Sample selection & treatment

Although test oils can provide information on compositional changes within a reservoir, high frequency sampling of rock is the usual mode of investigation. The best rock samples are from core (chips or plugs), although swc is also useful, because of well-constrained depth. Cuttings can also be used, although depth control may be severely restricted. If studies of gas intervals are required, molecular and C isotopic distributions can be determined from test, mud or headspace gas samples.

Contamination can be a major factor, depending upon the composition of drilling muds and coring lubricants used. Organic contaminants cannot be removed by extraction (thermal or solvent) without adversely affecting migrated hydrocarbons. Where core plugs have been taken for poroperm or other analyses, the immediately adjacent core may be infiltrated with lubricant and is best avoided for organic analysis.

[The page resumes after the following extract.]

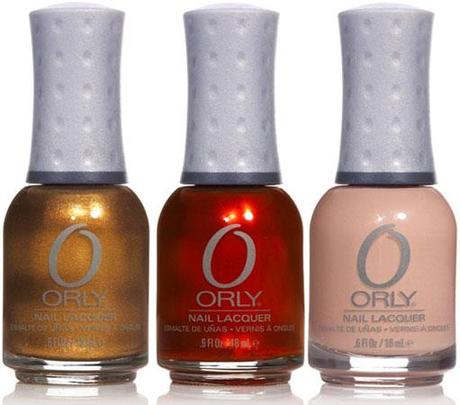 Upcoming Collections: Nail Polish: Nail Polish Collections: Orly: Orly Fired Up Nail Polish Collection For Fall 2012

If core plugs are to be taken, water lubricant is desirable for organic analyses, but not for inorganic analyses of formation water (ionic composition or RSA).

For organic analyses, general guidelines for sample sizes should be followed. For residual salt analysis (RSA) 2–3 cm3 of the central part of pristine consolidated core section is required. Formation water samples for inorganic analyses should be at least 1 mL.

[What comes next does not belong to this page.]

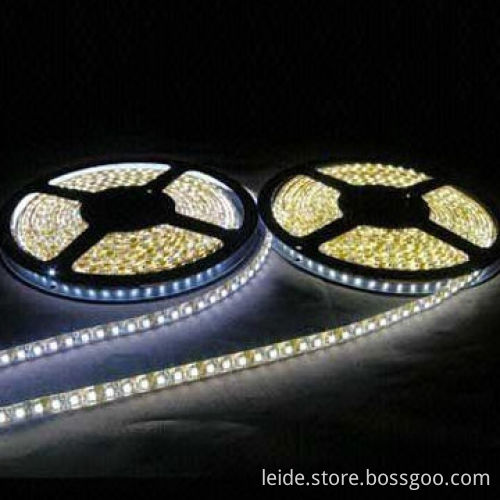 LED Flexible Strip Lighting, 12V, SMD3528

Because compositional variations can be subtle, all samples in a study should be analysed on the same instrument and ideally in the same batch, or within a short period, to minimise the influence of analytical variation. This is particularly important for the detailed analyses below, which rely on subtle compositional changes. Results should be compared with other data, such as PVT, dew point and owc depths.


Basic screening for the presence of hydrocarbons can involve:

  • fluorescence scanning
  • Rock-Eval pyrolysis (traditional or reservoir mode)
  • solvent extraction (or centrifugation) & Iatroscan analysis

These analyses provide indications of the presence of migrated hydrocarbons. Correlation of results with wireline logs is recommended, and indications of segregation and other contacts can be confirmed by the more detailed analyses listed below.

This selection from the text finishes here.